Work to be completed
Below this line is a listing that includes pictures. Copy exactly, and only, the lines from the one containing "धन कमाउन ओमान" through the one containing "EooCoo Toys for"; the pictures do not go in the copy.

Records provided

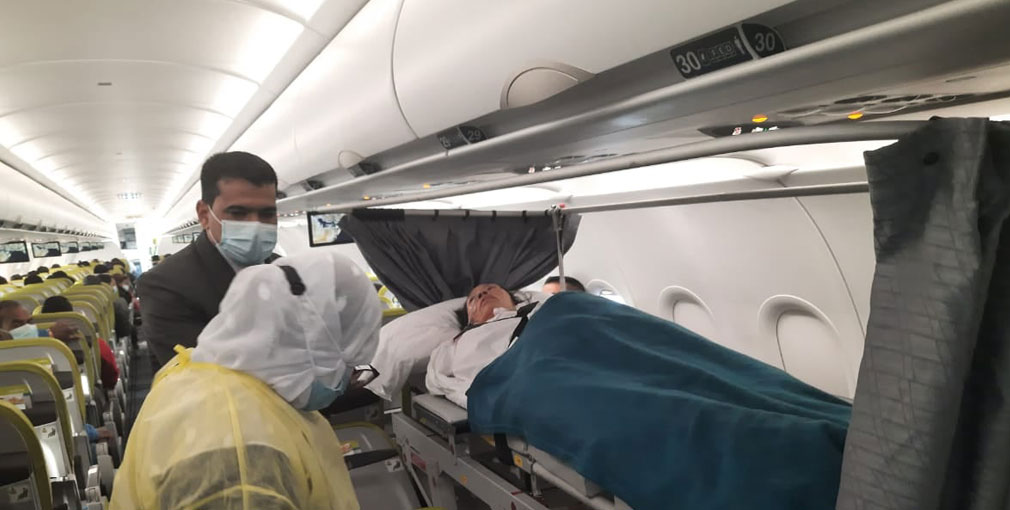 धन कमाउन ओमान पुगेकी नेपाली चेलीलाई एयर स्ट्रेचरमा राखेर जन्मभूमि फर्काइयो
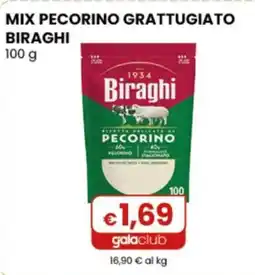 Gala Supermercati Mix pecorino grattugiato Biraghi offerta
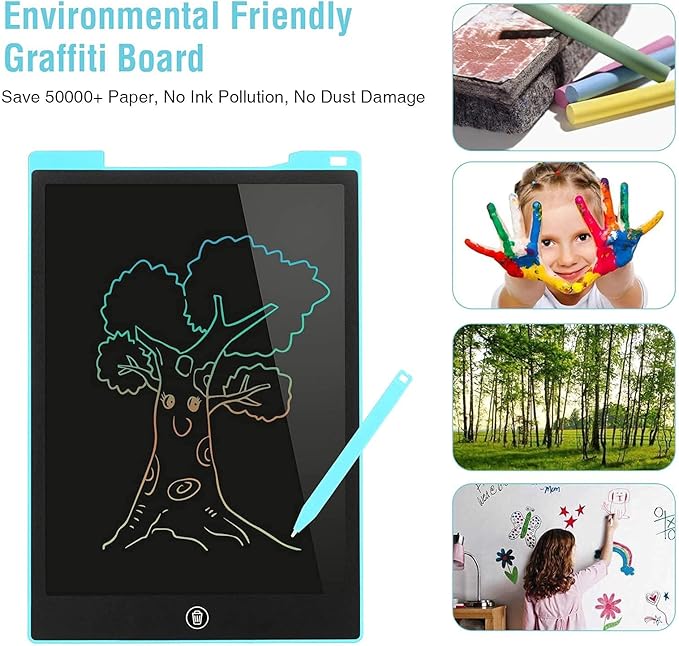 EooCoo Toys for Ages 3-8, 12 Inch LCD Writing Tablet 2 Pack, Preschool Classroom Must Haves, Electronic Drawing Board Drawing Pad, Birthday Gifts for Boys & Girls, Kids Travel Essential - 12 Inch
* * *
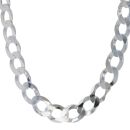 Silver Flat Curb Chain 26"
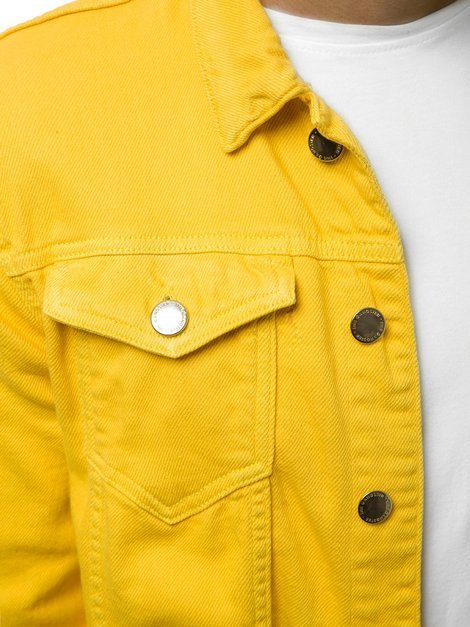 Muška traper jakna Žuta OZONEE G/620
* * *
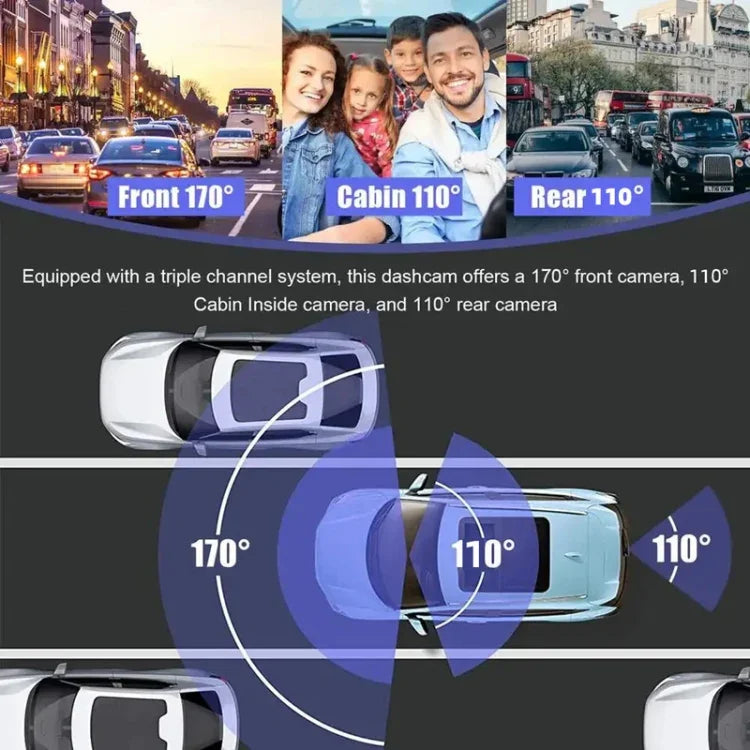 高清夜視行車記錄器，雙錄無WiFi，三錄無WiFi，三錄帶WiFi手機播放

Exercise response
 धन कमाउन ओमान पुगेकी नेपाली चेलीलाई एयर स्ट्रेचरमा राखेर जन्मभूमि फर्काइयो
 Gala Supermercati Mix pecorino grattugiato Biraghi offerta
 EooCoo Toys for Ages 3-8, 12 Inch LCD Writing Tablet 2 Pack, Preschool Classroom Must Haves, Electronic Drawing Board Drawing Pad, Birthday Gifts for Boys & Girls, Kids Travel Essential - 12 Inch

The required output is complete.